**Available data**
= Beginning of Section =

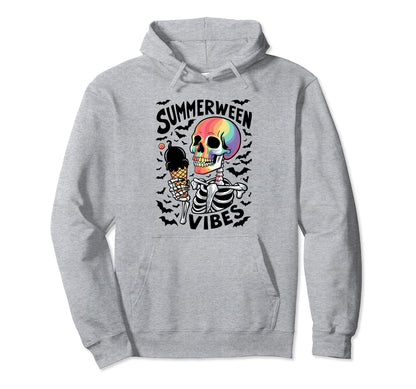 Summerween Vibes Skeleton Ice Cream Hoodie - Custom Art Print Unisex - T-Shirt, Sweatshirt, Hoodie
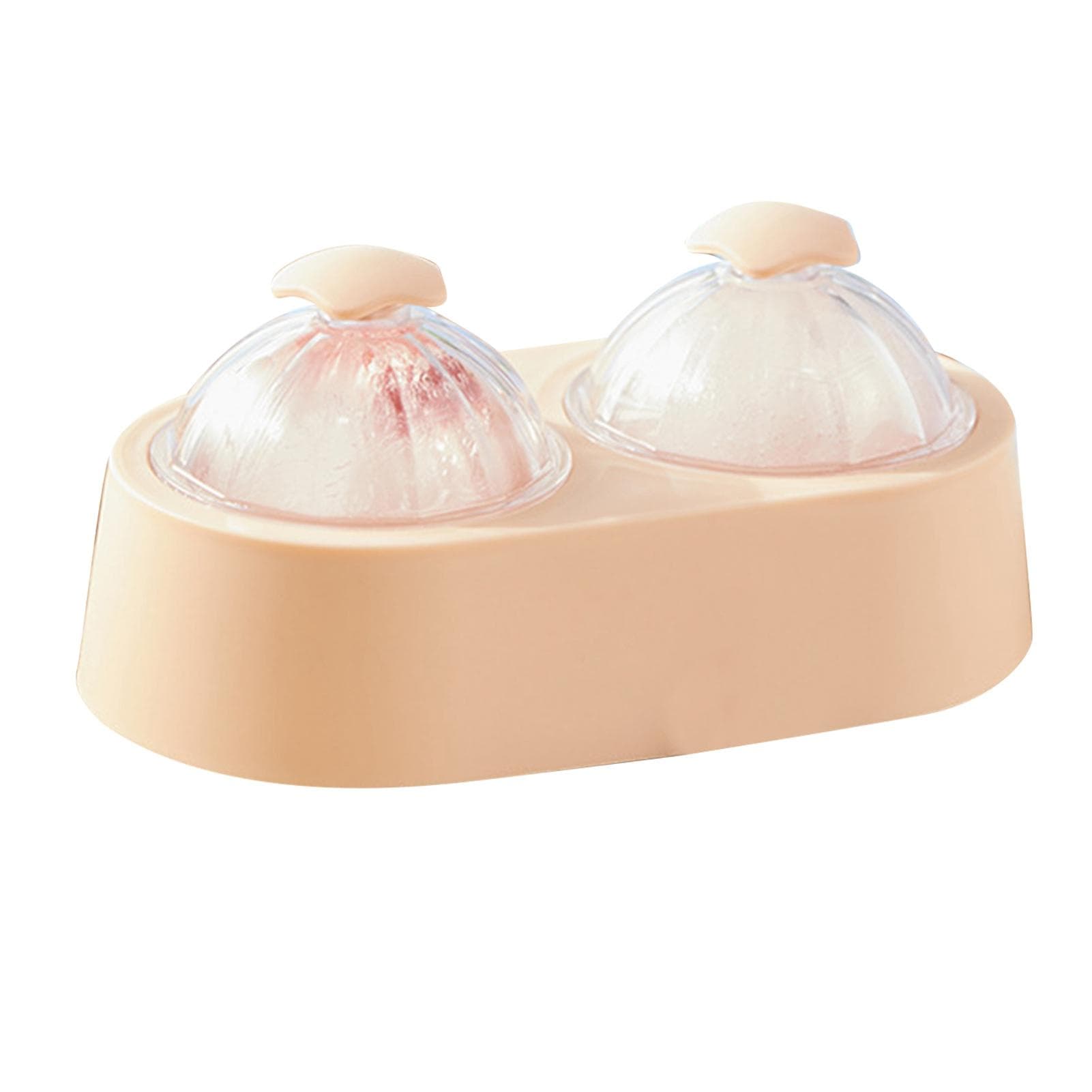 Dual Ice Ball Mold Round Ice Tray Ice Cube Mold Tray with Lid Cover for Kitchen Home Cocktail pink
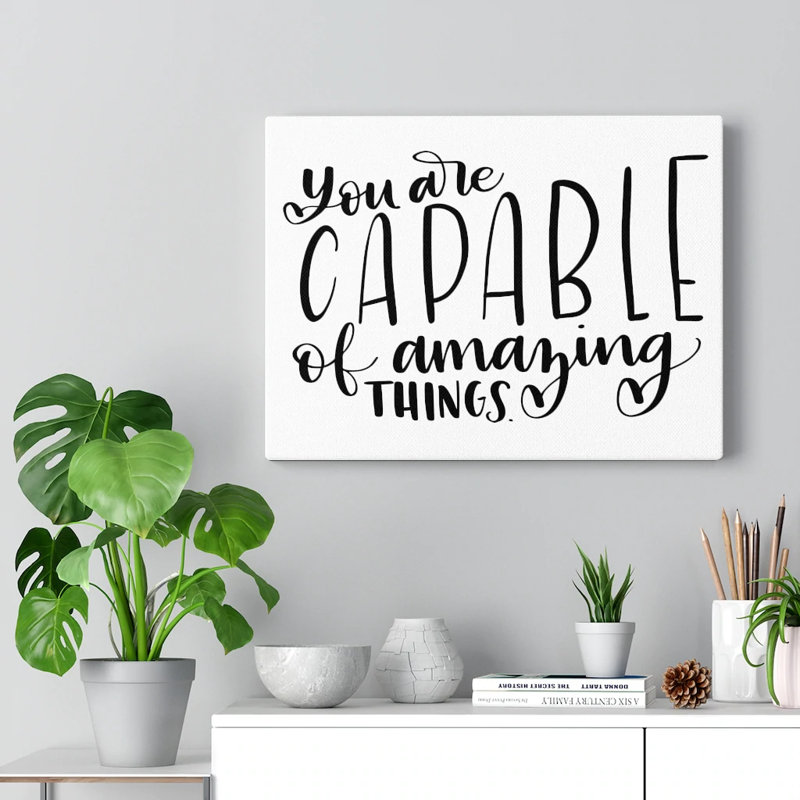Citation inspirante, «You are capable», art mural, H 12 po x l 16 po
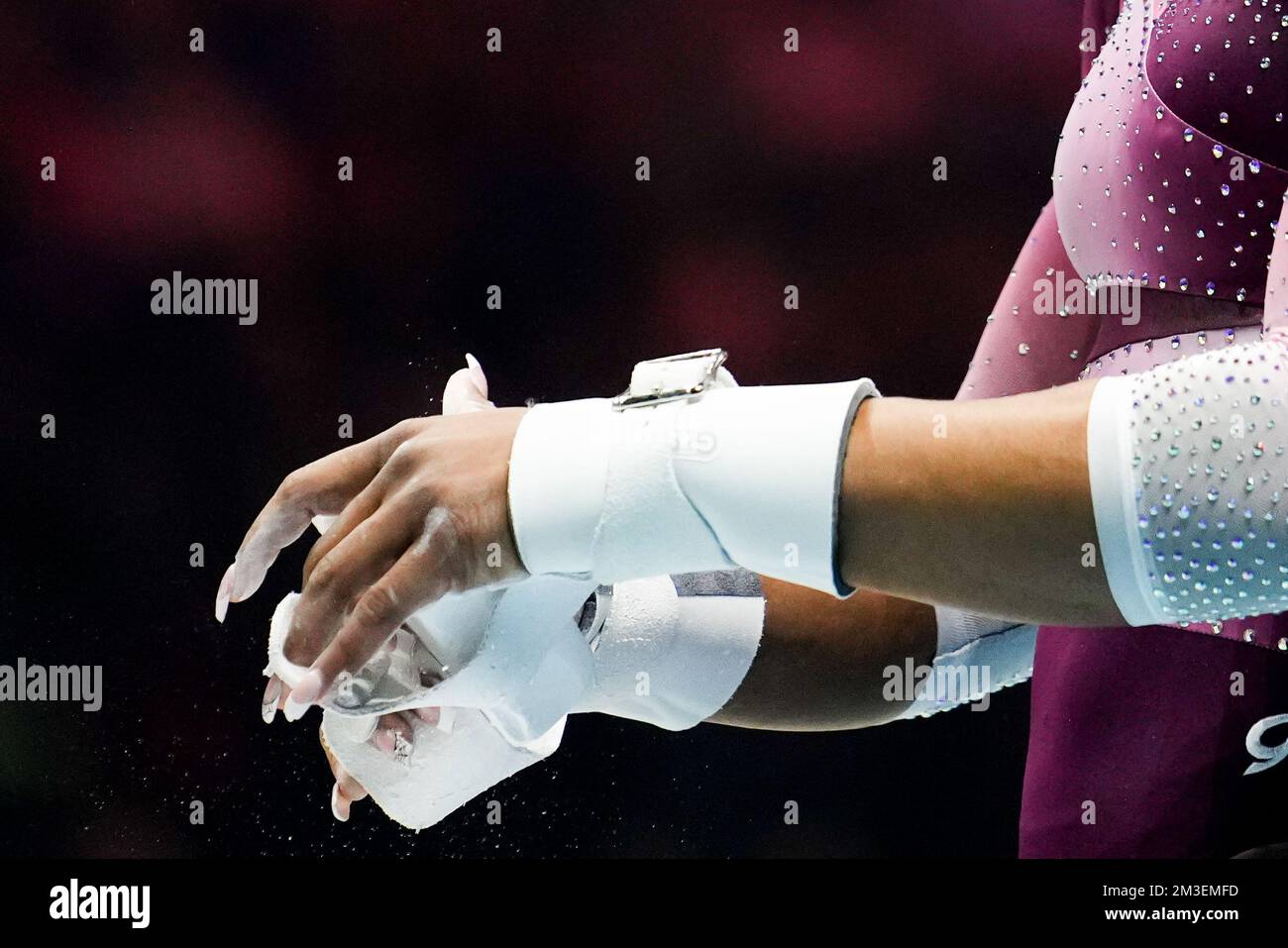 A close up of a gymnastÕs hands during a bars routine Stock Photo - Alamy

= End of Section =

**Task details**
The copy should hold exactly the lines from the line containing "Dual Ice Ball" through the end of the data, both ends included, and no pictures.

**Reply to the exercise**
 Dual Ice Ball Mold Round Ice Tray Ice Cube Mold Tray with Lid Cover for Kitchen Home Cocktail pink
Citation inspirante, «You are capable», art mural, H 12 po x l 16 po
 A close up of a gymnastÕs hands during a bars routine Stock Photo - Alamy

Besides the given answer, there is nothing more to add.